Bounded function on compact interval that is not Lebesgue integrable Is there an example of a bounded function $f : [a,b] \to \mathbb R$ which is not Lebesgue integrable?
 A: By the axiom of choice, there is a non-measurable set $A$ contained in $[a,b]$.  Then let $f=\chi_A$, the function defined as $\chi_A(x)=1$ if $x \in A$ and $\chi_A(x)=0$ if $x \not\in A$.  One can check that $f$ is measurable if and only if $A$ is measurable, which it's not.  Then $f$ cannot be Lebesgue integrable even though $\|f\|_{\infty}=1$.
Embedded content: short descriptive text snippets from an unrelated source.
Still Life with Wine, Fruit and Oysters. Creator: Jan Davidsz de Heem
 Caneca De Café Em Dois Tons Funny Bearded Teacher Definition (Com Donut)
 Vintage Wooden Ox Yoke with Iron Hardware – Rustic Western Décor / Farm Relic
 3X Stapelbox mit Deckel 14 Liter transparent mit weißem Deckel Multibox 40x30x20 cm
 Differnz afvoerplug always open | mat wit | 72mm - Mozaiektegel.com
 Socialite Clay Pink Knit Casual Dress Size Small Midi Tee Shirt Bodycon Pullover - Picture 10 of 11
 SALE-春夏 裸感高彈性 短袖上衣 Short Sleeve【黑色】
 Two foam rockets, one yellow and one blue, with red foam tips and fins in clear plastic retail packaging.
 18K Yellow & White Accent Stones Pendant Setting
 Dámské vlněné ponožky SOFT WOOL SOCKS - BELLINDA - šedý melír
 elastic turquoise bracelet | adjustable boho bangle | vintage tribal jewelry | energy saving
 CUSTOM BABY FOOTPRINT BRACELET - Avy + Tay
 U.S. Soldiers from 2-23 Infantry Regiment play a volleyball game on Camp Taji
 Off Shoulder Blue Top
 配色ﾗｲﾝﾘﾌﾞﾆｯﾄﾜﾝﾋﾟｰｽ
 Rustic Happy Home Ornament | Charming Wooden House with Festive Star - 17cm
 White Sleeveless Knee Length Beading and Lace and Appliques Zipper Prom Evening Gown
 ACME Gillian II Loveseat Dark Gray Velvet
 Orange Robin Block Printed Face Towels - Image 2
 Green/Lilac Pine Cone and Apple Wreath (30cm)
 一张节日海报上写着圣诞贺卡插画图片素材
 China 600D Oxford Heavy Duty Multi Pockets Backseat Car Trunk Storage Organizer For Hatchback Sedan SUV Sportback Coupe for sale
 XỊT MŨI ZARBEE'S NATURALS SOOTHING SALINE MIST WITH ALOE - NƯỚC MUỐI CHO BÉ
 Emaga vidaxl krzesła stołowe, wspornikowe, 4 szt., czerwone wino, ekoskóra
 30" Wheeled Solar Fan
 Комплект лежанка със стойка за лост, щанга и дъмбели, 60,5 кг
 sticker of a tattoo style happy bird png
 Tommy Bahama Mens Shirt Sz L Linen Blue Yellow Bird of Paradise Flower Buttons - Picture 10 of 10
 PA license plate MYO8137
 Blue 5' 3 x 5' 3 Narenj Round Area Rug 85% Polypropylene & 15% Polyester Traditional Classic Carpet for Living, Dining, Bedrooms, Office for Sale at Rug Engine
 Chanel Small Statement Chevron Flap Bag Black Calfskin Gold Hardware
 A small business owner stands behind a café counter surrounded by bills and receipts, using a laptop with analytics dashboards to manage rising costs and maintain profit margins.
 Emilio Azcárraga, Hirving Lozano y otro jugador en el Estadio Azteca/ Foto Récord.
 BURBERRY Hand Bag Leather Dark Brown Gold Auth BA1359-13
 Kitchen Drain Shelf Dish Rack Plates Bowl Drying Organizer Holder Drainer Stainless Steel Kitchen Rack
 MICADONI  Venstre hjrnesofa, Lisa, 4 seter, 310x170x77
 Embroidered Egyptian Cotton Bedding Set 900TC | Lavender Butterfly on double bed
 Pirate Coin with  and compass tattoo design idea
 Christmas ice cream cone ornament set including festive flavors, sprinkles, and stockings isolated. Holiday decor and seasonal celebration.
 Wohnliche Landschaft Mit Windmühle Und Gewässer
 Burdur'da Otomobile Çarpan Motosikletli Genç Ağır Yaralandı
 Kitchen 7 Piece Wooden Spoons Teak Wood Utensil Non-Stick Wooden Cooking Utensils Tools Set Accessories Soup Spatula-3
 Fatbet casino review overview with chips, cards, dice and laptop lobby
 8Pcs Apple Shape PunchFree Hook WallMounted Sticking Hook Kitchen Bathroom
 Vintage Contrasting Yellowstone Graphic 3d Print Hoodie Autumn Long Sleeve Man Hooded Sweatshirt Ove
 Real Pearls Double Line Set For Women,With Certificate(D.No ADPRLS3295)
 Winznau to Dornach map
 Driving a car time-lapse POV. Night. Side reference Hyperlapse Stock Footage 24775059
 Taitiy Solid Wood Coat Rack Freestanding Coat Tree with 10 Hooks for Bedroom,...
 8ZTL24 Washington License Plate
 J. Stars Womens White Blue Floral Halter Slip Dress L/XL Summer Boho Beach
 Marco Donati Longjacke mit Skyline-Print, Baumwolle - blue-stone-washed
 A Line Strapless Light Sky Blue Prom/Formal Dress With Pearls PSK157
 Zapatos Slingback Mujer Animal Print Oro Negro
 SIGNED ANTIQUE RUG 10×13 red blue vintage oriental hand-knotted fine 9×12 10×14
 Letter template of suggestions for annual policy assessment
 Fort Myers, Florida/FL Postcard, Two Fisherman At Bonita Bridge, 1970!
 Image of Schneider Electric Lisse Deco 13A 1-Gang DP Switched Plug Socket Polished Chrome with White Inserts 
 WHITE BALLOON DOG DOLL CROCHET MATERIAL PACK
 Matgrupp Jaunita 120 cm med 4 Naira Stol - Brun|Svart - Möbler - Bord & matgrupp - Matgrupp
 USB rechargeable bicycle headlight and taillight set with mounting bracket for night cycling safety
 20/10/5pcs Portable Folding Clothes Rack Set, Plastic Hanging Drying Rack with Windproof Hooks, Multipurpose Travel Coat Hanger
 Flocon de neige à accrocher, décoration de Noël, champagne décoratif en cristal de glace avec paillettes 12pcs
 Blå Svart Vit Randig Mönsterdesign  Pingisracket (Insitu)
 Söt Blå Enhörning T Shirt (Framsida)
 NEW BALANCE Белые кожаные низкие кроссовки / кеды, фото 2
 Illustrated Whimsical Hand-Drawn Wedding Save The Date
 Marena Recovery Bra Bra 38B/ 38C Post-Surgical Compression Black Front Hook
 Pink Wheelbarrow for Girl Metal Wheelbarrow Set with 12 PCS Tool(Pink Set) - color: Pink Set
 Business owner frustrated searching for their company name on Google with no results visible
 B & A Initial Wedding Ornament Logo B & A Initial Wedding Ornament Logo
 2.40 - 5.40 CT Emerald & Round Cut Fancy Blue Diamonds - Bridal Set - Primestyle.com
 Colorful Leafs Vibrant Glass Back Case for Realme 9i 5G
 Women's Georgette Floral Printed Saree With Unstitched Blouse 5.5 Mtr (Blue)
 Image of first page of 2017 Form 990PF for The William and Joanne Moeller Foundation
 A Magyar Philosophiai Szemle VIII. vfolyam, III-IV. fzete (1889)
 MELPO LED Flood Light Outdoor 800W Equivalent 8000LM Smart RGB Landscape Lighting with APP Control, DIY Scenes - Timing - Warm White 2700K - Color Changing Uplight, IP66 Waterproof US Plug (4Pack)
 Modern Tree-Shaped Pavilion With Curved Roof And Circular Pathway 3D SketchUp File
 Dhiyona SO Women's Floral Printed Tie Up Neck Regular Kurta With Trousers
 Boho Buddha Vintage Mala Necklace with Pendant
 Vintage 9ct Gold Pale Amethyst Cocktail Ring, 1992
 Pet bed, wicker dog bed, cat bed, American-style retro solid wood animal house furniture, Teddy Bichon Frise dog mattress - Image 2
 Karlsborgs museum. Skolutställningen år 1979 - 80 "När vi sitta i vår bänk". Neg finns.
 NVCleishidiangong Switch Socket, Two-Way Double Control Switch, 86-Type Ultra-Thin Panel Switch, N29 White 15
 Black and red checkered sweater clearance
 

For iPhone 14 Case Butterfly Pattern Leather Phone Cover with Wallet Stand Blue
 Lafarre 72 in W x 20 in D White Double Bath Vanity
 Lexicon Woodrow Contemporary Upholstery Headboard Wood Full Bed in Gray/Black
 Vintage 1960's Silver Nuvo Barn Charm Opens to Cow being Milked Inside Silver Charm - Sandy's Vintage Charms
A: Hint : This function $g(x)=\dfrac{1}{x}\sin\left(\dfrac{1}{x^3}\right)$  has a singularity 
at 0, and is not Lebesgue integrable but this function is not very bound 
and we have :if $f$ is bounded with compact support, the following are 
equivalent:
(01) . $f$ is Henstock–Kurzweil integrable,
(02). $f$ is Lebesgue integrable,
(03) .$f$ is Lebesgue measurable.
Note : In the general no example existed for a bounded functions with 
compact  support to be not lebesgue integrable
addendum :One available compromise is to just work with the following definition of a Riemann integral (which works fine in ${\mathbb R}^n$ as well:
A bounded function $f$ on $[a,b]$ is Riemann integrable if and only if for every $\epsilon > 0$ there are step functions $\psi_1, \psi_2 : [a,b] \to {\mathbb R}$ such that
$$\psi_1 \leq f \leq \psi_2 $$
and
$$\int_a^b \left( \psi_2(x) - \psi_1(x) \right) dx < \epsilon$$
I think using this definition is easy and geometrically intuitive, and on the other hand working with this definition prepares you conceptually for the Lebesgue integral where you juggle "simple" functions instead of step functions.  Thus, you already get a nice piece of the Lebesgue point of view.